DA execs to help farmers sell rice to NFA
By Juan Escandor Jr.
Southern Luzon Bureau
First Posted 05:56:00 09/01/2008
PILI, CAMARINES SUR—Agriculture Secretary Arthur Yap has ordered municipal agriculture officers (MAOs) to help enlist qualified farmers into selling their produce to the National Food Authority (NFA), according to a top agriculture official.
The NFA buys palay at P17 a kilo.
Marilyn V. Sta. Catalina, DA assistant regional director for operations and regulatory, said here on Friday that Yap’s move was prompted by complaints that farmers were not benefiting from the government’s palay procurement program through the NFA.
Sta. Catalina said Yap had to call her up and other agriculture officials one evening to address the issue of palay procurement raised by the MAOs in Camarines Sur province, that farmers could hardly sell their harvests to the NFA. She said the secretary authorized the MAOs to enlist “genuine” farmers in their areas in the palay procurement program by assisting farmer-beneficiaries in the processing of applications for passbooks. The document qualifies farmers to sell their harvest to the NFA.
Sta. Catalina said farmers in several towns in Camarines Sur were claiming that traders were the ones benefiting from the NFA procurement program.
Incentives to farmers
Yap’s move to involve the MAOs in the NFA program would ensure that the genuine farmers are the ones benefiting because the officers know them and cooperatives in their areas, she said. Aside from buying the harvest from the farmers at a relatively higher price, the government is providing incentives to farmers, such as a fertilizer subsidy of P1,800 for every 50 bags of rice sold to the NFA. Sta. Catalina said the department was continuously monitoring the changes in the prices of palay and rice in the local market daily since July, as ordered by Yap.
Rice prices going down
Prices of commercial rice have steadily gone down since July, she said, citing the results of daily monitoring of the crop.

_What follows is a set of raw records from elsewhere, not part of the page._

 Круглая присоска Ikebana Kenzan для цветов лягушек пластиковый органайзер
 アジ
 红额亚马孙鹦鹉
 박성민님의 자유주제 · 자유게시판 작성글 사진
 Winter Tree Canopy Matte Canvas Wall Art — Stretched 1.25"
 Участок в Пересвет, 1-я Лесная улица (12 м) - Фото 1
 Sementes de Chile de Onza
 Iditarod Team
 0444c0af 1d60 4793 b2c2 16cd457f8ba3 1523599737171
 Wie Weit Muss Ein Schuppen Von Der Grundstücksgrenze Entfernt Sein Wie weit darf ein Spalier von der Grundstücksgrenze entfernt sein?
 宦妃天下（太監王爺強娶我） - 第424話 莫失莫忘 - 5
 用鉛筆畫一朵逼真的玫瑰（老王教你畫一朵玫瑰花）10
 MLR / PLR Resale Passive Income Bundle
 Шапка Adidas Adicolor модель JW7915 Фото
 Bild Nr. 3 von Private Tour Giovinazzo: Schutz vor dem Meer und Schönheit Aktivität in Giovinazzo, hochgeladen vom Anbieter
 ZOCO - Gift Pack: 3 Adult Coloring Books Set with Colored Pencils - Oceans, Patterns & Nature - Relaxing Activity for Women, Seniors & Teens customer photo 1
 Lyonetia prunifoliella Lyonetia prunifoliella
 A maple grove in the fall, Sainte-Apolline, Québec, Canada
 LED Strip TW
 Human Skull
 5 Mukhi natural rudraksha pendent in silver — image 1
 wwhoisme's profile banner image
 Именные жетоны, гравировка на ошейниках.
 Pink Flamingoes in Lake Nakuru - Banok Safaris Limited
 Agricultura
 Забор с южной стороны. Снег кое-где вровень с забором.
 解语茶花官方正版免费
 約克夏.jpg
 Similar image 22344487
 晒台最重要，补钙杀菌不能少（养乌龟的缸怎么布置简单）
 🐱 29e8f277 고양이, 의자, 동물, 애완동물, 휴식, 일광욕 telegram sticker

Prices of regular-milled commercial rice had gone down to P25.29 on Friday from P35 per kilo on July 8.
Well-milled commercial rice recorded prices ranging from P36 to P39 per kilo on July 8 to P30-P40 on Aug. 29.
Sta. Catalina said the monitoring of palay buying prices showed that in Camarines Sur, rice traders bought palay from the farmers at P11.72 to P11.80 per kilo on July 22 and P15.75 to P16 per kilo on Aug. 29. Bicol, with some 99,000 hectares of irrigated and 46,000 hectares rain-fed rice farms, yields an average of 980,000 metric tons of palay every cropping season with an average yield of 3.2 MT per hectare, she said. With a population of five million in 2005, the region consumes 565.3 MT of rice a year. It is almost rice-sufficient, Sta. Catalina said, but production for local consumption had been diminished by buyers outside the region, who escaped their monitoring. “It’s the principle of free enterprise that works,” she said. She said the DA national office was continuously pushing for 100-percent rice sufficiency all over the country in 2010 through several strategies.